By Manny Piñol
The Valentine’s Day Bigas ng Masa TienDA scheduled tomorrow in front of the Department of Agriculture (DA) Central Office in Quezon City where commercial rice will be sold for only P38 per kilo will mark the start of a nationwide program which would directly connect rice farmers with consumers.
Yesterday, I directed DA Undersecretary for Policy and Planning Segfredo Serrano and Undersecretary for Agribusiness and Marketing Bernadette Romulo Puyat to prepare a national program where DA will assist farmers’ groups, associations and cooperatives, including irrigators’ associations, in the milling, packaging and marketing of their rice produce which would be sold directly to consumers.
Regional Directors will be asked to initially allow farmers’ groups to use open spaces in the DA regional offices to serve as the outlets of their rice produce.
After that, Bigas ng Masa TienDA will be established in every town throughout the country to provide consumers with affordable freshly-milled rice direct from the farms.
Farmers groups will be assisted by the DA so that they will be in complete control of their farm operations – from plowing, planting, harvesting, milling, packaging and marketing.
We will link up this program with the Land Bank of the Philippines, where I sit as member of the Board of Directors, so that farmers’ groups we will provided with a working capital so they could buy their members’ produce.
The Bigas ng Masa TienDA outlets will just be mainly rice outlets but farmers will later be allowed to sell other farm products as well, depending on the availability of space.
The Bigas ng Masa TienDa is the first step in our efforts to directly link our farmers with consumers and end the age-old anomalous farm-to-market supply chain which is controlled by middlemen and traders.
Let me clarify that I have nothing against people making money by doing business related to food supply.
What I am concerned about, however, is the indiscriminate profiteering by traders and middlemen of food commodities by jacking up prices beyond the reach of ordinary consumers.
While the rule of thumb says that the price of rice should only be double the buying price of paddy rice, commercial rice in the market is sold from P45 to P60, instead of just about P38.
As I have declared in previous statements, I believe that in implementing the directive of President Rody Duterte of ensuring “Available and Affordable Food” for the Filipinos, the mandate of the DA is not only to produce food but also to make sure that the abundance of food is translated into affordable prices by the ordinary consumers.

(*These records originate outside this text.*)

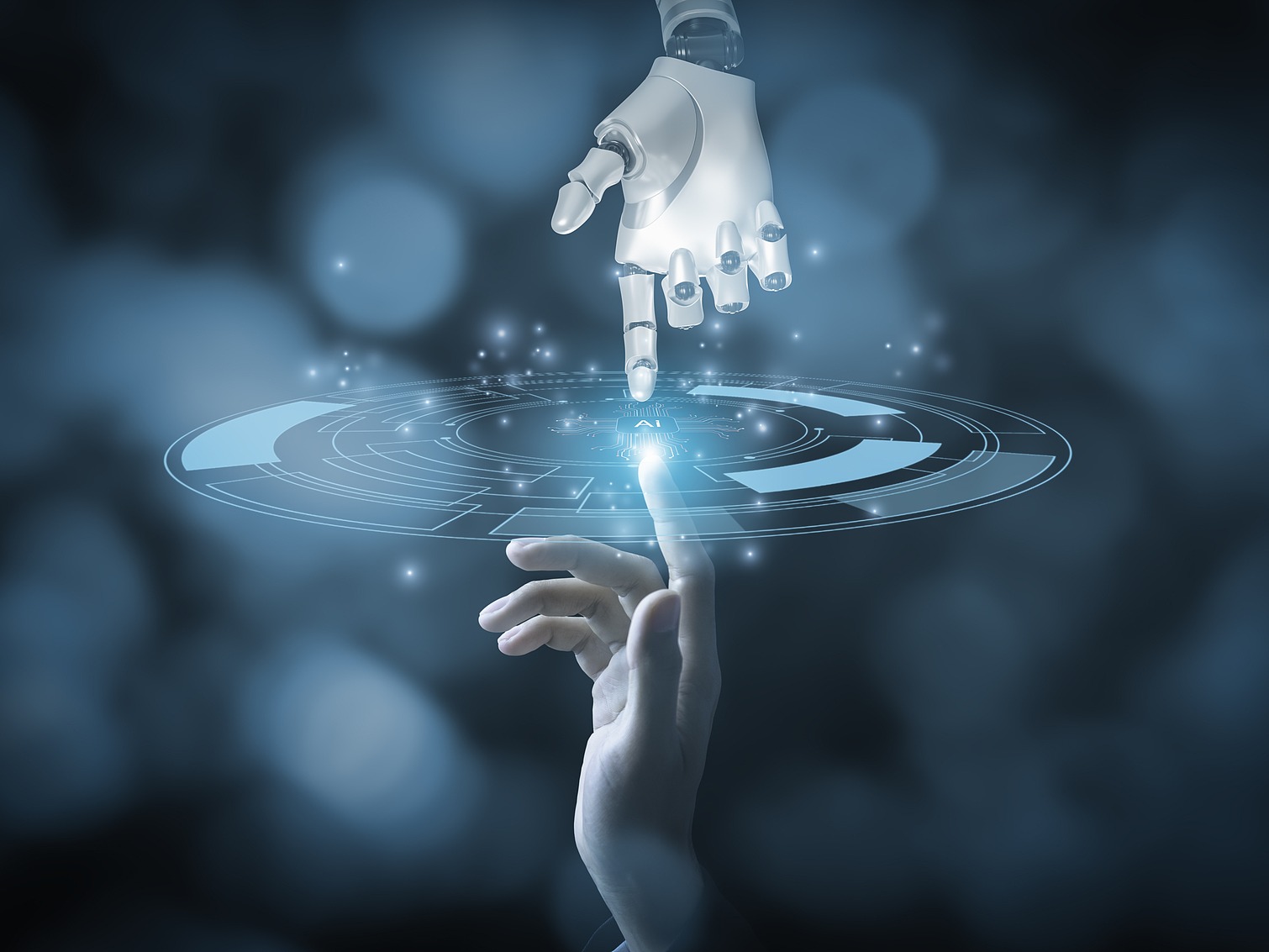 安博电竞·(中国区)官方网站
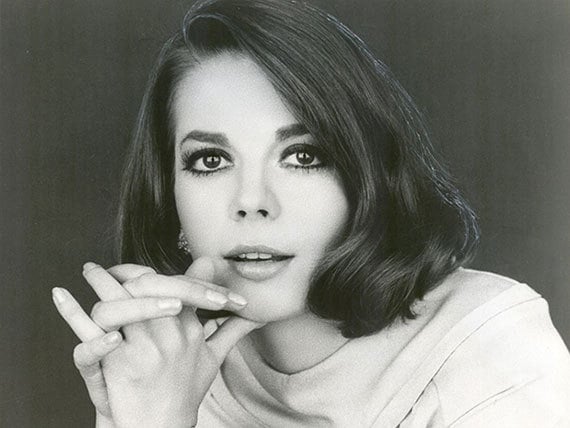 2015-11-18-1447886166-5461096-Natalie_Wood_1966_Penelope-thumb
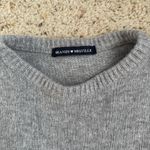 Brandy Melville  Sweater Photo 1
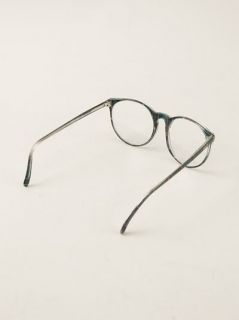 Vintage Accessories 'genie' Lafont Model Glasses   Lunettes Selection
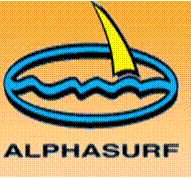www.alphasurf.ch, Abri-ctier, 1470 Estavayer-le-Lac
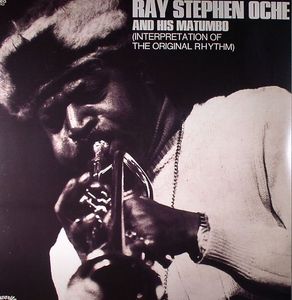 Interpretation of the Original Rhythm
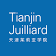 The Tianjin Juilliard School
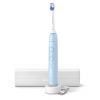 Зубна електрощітка Philips Sonicare HX7406/02
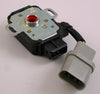OEM Parts Throttle Position Sensor TP097GEN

They have successfully implemented this scheme in Japan and South Korea while in the US, individual farmers deal directly with the outlets.
In South Korea, farmers have federated into a national cooperative called Nong Hyup and they operate their own supermarkets, banks, cargo and insurance companies.
I do not dream of achieving that in my term as President Duterte’s Secretary of Agriculture but I hope that by the end of his Presidency, we would have empowered and capacitated our farmers to the point that they will no longer be at the mercy of traders and middlemen.
That advocacy is expected to result in “Available and Affordable Food” for the Filipino people.